These are chat archives for thunder-project/thunder

20th
Dec 2016
Boaz Mohar
@boazmohar
Dec 20 2016 00:21
@d-v-b @jwittenbach In my experience you need to be careful with the .fromrdd() as you now might not have the same keys do to the filter part. If you leave the comforts of Thunder you need to take care of the keys.
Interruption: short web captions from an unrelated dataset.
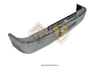 3680716C96 BUMPER , HD CHRM N/FOG LIGHTS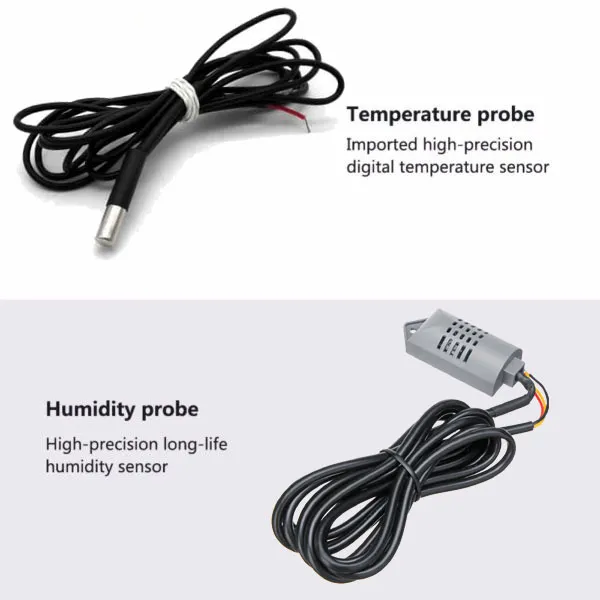 01%20Set%20Temperature%20and%20Humidity%20Sensor%20for%20Xm18%20Double%20Circuit,%20Xm-18D,%20Xm-18E,%20Xm-26,%20Xm-28,%20Xm36%20Egg%20Incubator%20Controller%20-%20Image%202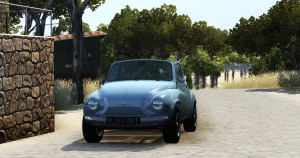 screenshot_2019-05-07_17-01-45.png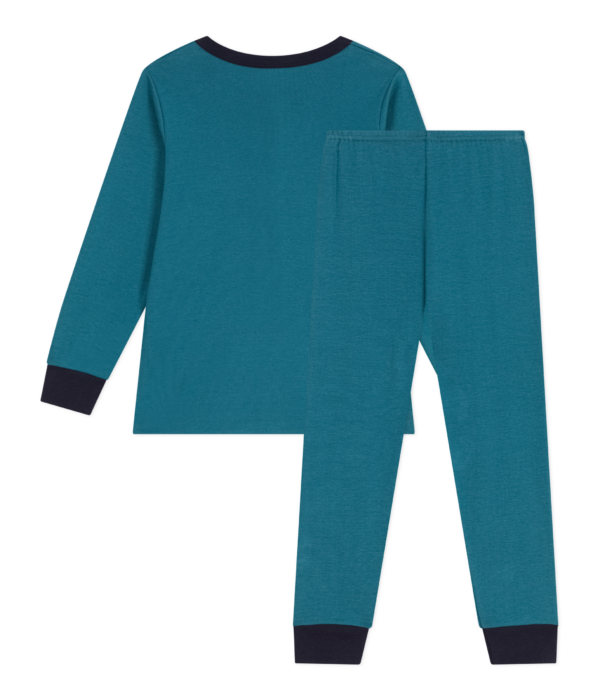 PYJAMA – Image 2
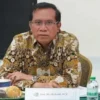 Peneliti senior dari Badan Riset dan Inovasi Nasional (BRIN) Prof. Lili Romli. Foto: ist.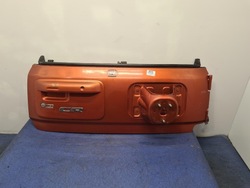 Honda cr-v i задня кришка багажника фото №1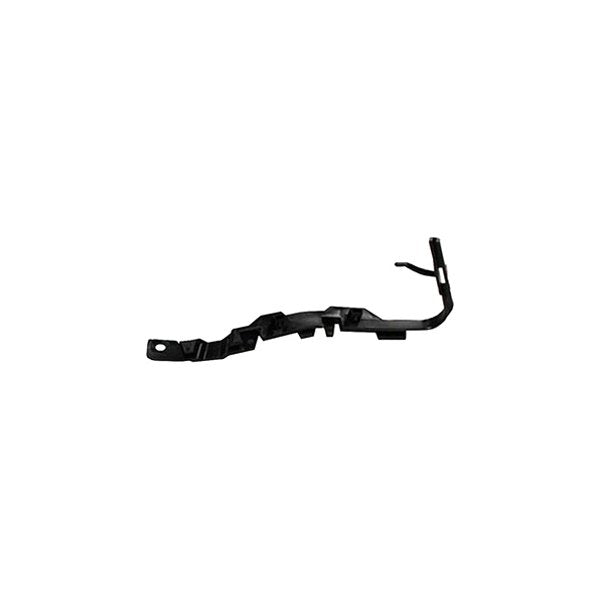 DODGE GRAND CARAVAN 2008-2020 — FRONT BUMPER RETAINER RH; CARAVAN 2011-2020/TOWN AND COUNTRY 2008-2016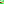 Destellos dst-8570168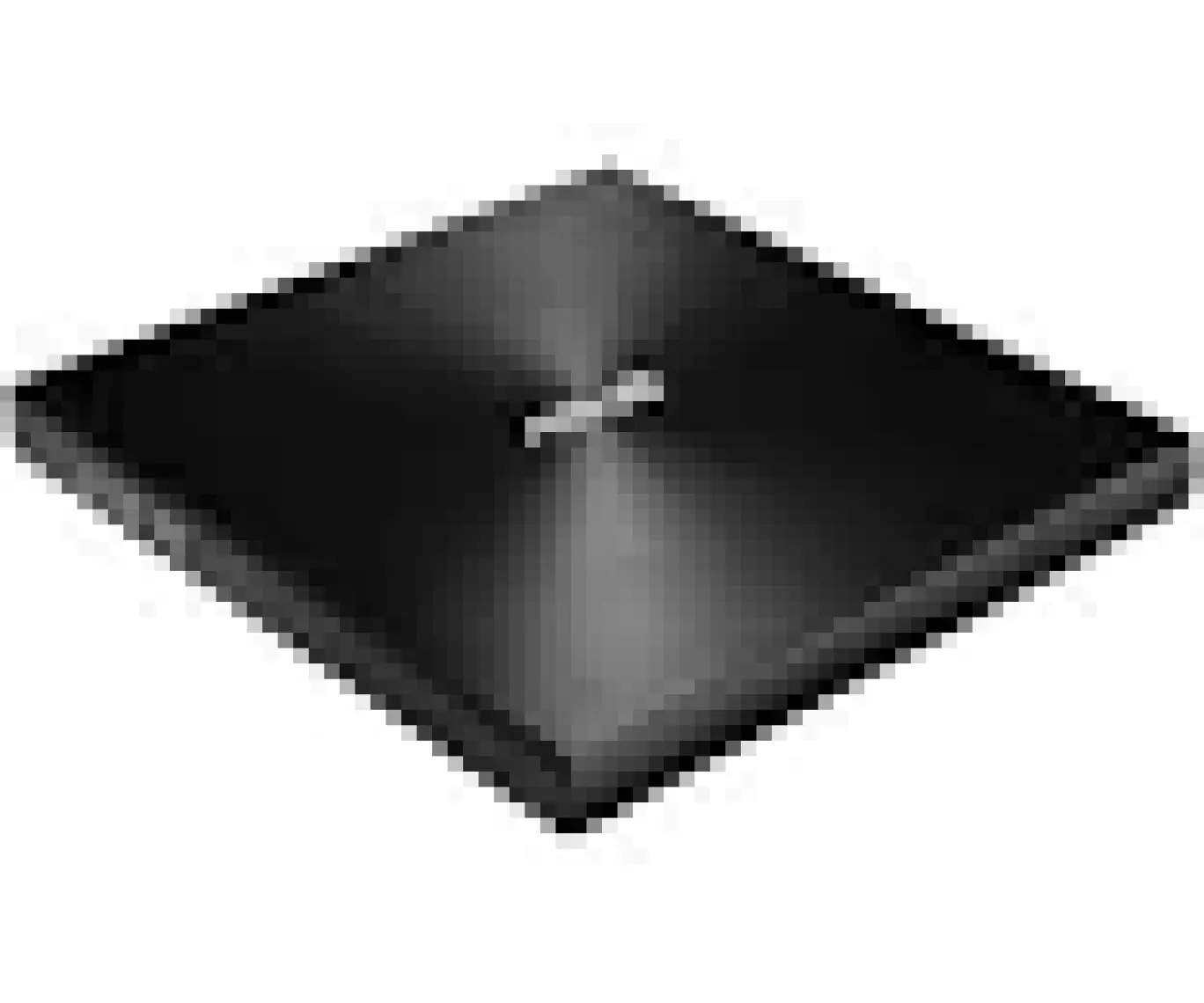 Asus ZenDrive U7M 1000 Yıl M-Disc, USB 2.0 destekli Harici DVD Yazıcı SDRW-08U7M-U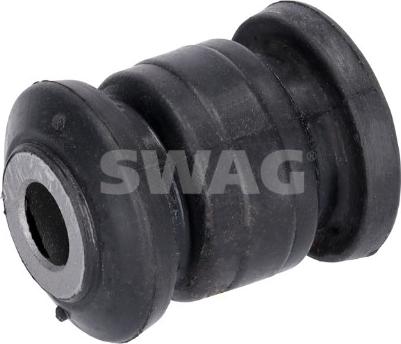 Swag 33 10 8788 - Bush of Control / Trailing Arm autospares.lv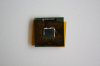 Processeur Packard Bell Easynote R3420 Processeur Packard Bell Easynote R3420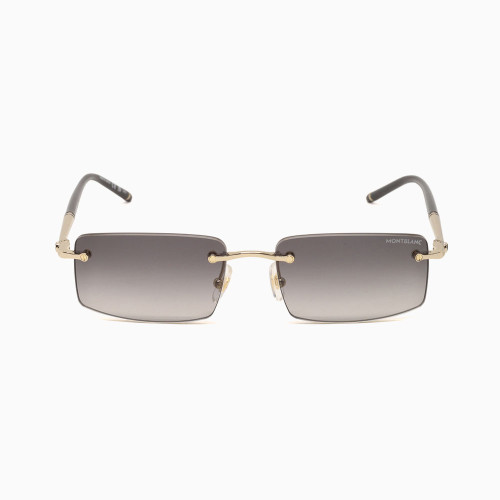 Сонцезахисні окуляри MONT BLANC MB0443S-007 56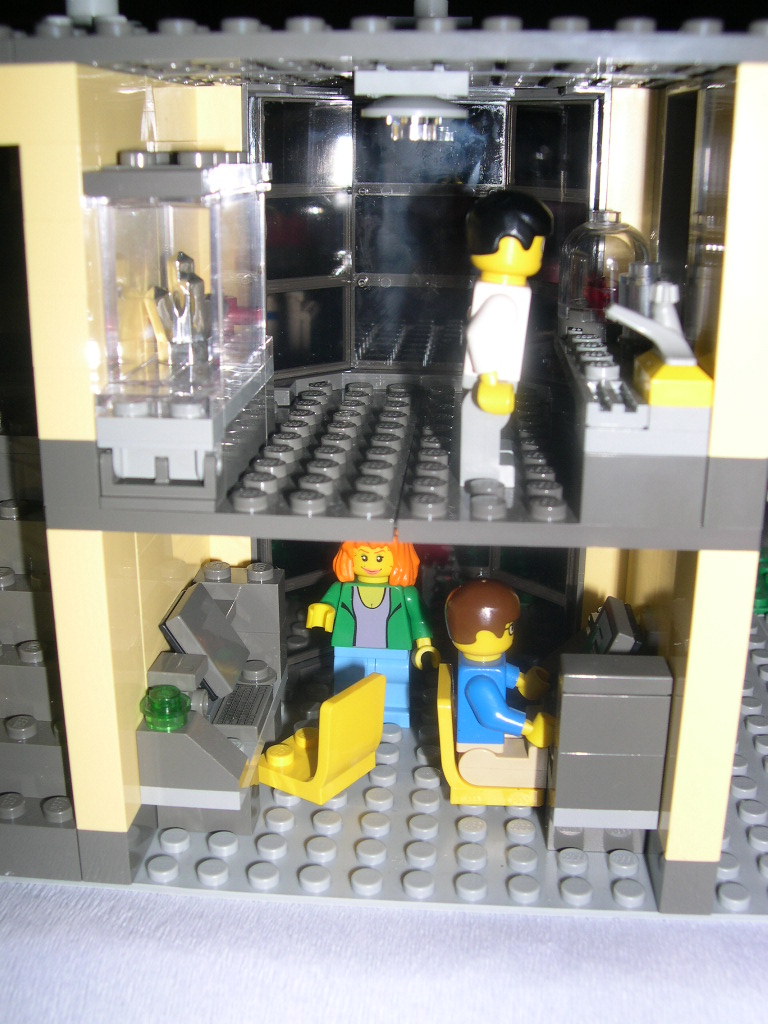 dscn4281.jpg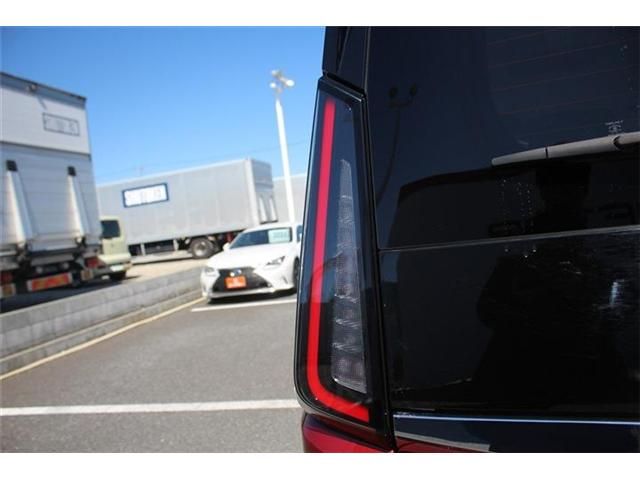 NISSAN SERENA  WG 2024 Image 31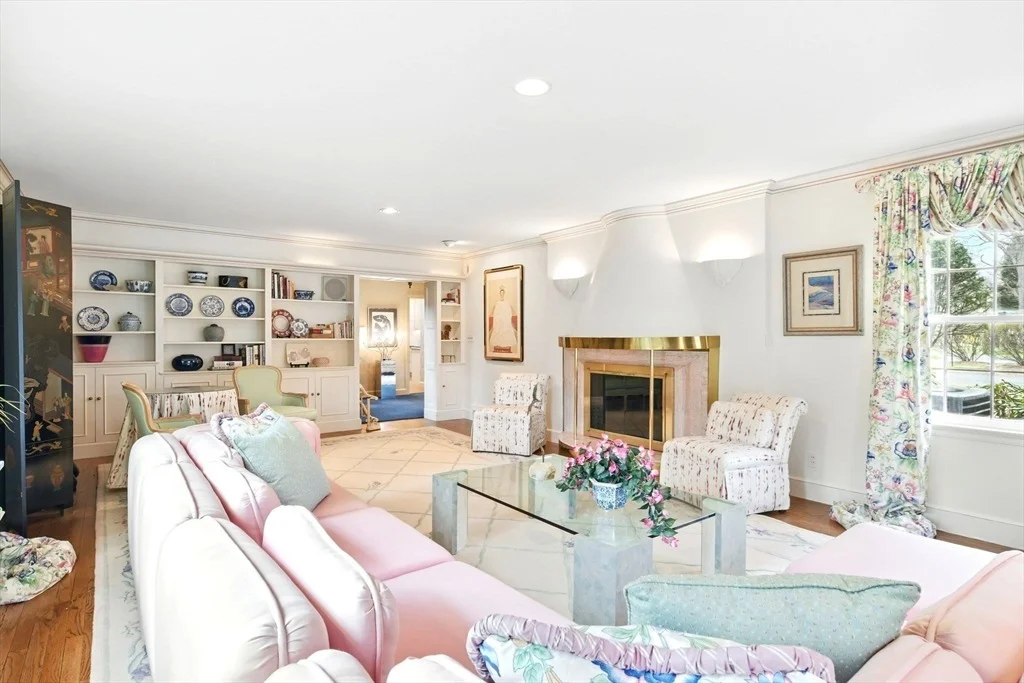 Photo of 68 Normandy Road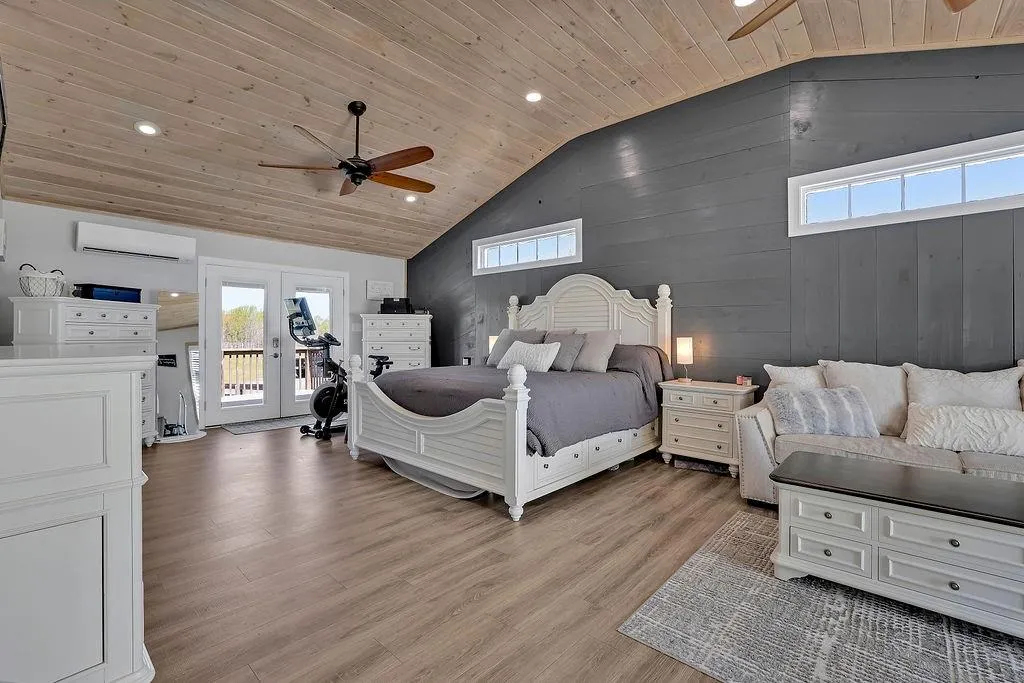 Greenville, Georgia 30222, United States, 6 Bedrooms Bedrooms, ,6 BathroomsBathrooms,Residential,Active,61820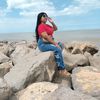 trinidad.rodrguez29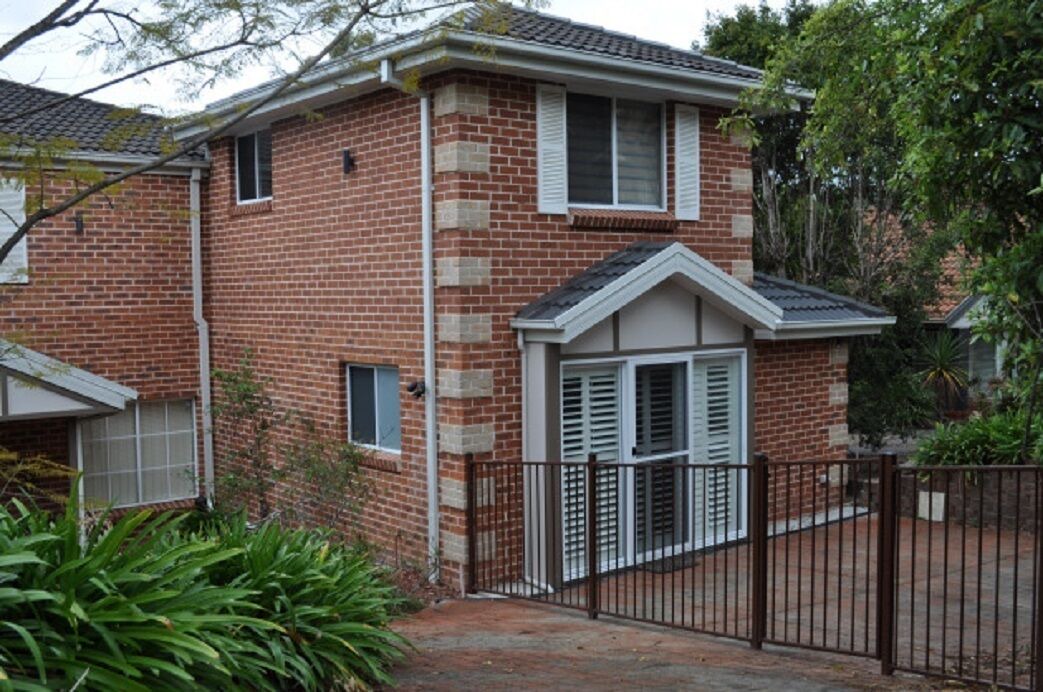 Photo of Outdoor in Frenchs Forest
Also @d-v-b I am running into a problem you mentioned a while back. I am trying to do a data.mean() on a dataset where a single volume is 1024x1024x300 int16. I am getting: ValueError: can not serialize object larger than 2G, did you solve that?
Jason Wittenbach
@jwittenbach
Dec 20 2016 16:08
@chenminyeh both of those were removed from the current version of Thunder to make it more modular
The fact that ThunderContext is gone is a definite upgrade. You can now just start Python however you want (IPython, Jupyter Notebook, PySpark, etc) and then simply import Thunder like you would any other package (e.g. import thunder as td)
Jason Wittenbach
@jwittenbach
Dec 20 2016 16:13
As for Colorize, we wanted to make Thunder more modular, so it was removed as it’s a little tangential to image/time-series manipulation. I don’t think the code was ever moved anywhere else, but you can still find it in the old release: https://github.com/thunder-project/thunder/blob/v0.6.0/thunder/viz/colorize.py
chenminyeh
@chenminyeh
Dec 20 2016 16:36
@jwittenbach Got you! I like how one can visualize the results from factorization. I am new to thunder and python but will see if i there are alternatives to do those! Thanks!!
Davis Bennett
@d-v-b
Dec 20 2016 18:11
@boazmohar I haven't had that issue with serializing big objects in a while, probably I found a way around it? I honestly don't remember
are you making an average image, or an average timeseries?
Boaz Mohar
@boazmohar
Dec 20 2016 21:01
@d-v-b I am averaging over time to get an average image. I can load the data I can pull one image with first(), map() and save back out but aggregation seem to fail.
Davis Bennett
@d-v-b
Dec 20 2016 21:10
I don't remember how thunder does averaging across the distributed axis, but you should be careful doing that with int16 data, you might get overflow problems
that's assuming you solve the problems you're currently having :smile:
Boaz Mohar
@boazmohar
Dec 20 2016 21:13
It fails so quickly that I also don't think it is related. Also it works fine as long as my z is under 250 planes (i.e. 1024x1024x250 volumes). Do you average anything with an equivalent number of elements?
Davis Bennett
@d-v-b
Dec 20 2016 21:17
my data are usually ~[120, 2048,2048] maximum
i might have been getting the same errors back when my data were tht big
Boaz Mohar
@boazmohar
Dec 20 2016 21:21
That is around the same number of elements. Sorry to keep bugging, but was there a version of spark that you could push that along?
Davis Bennett
@d-v-b
Dec 20 2016 21:24
I can't guarantee that I ever got around this issue, I haven't worked with data that big in a while
Boaz Mohar
@boazmohar
Dec 20 2016 21:25
Got it. I will be splitting it for now. Thanks!
Davis Bennett
@d-v-b
Dec 20 2016 21:26
looking back, I didn't have your issue when taking a mean, it was when I was trying to use sc.images.fromarray with a big array, and I think I just worked around it
Boaz Mohar
@boazmohar
Dec 20 2016 21:27
From what I can see in the code it is checking for number of elements bigger then 2^32 so I don't get it.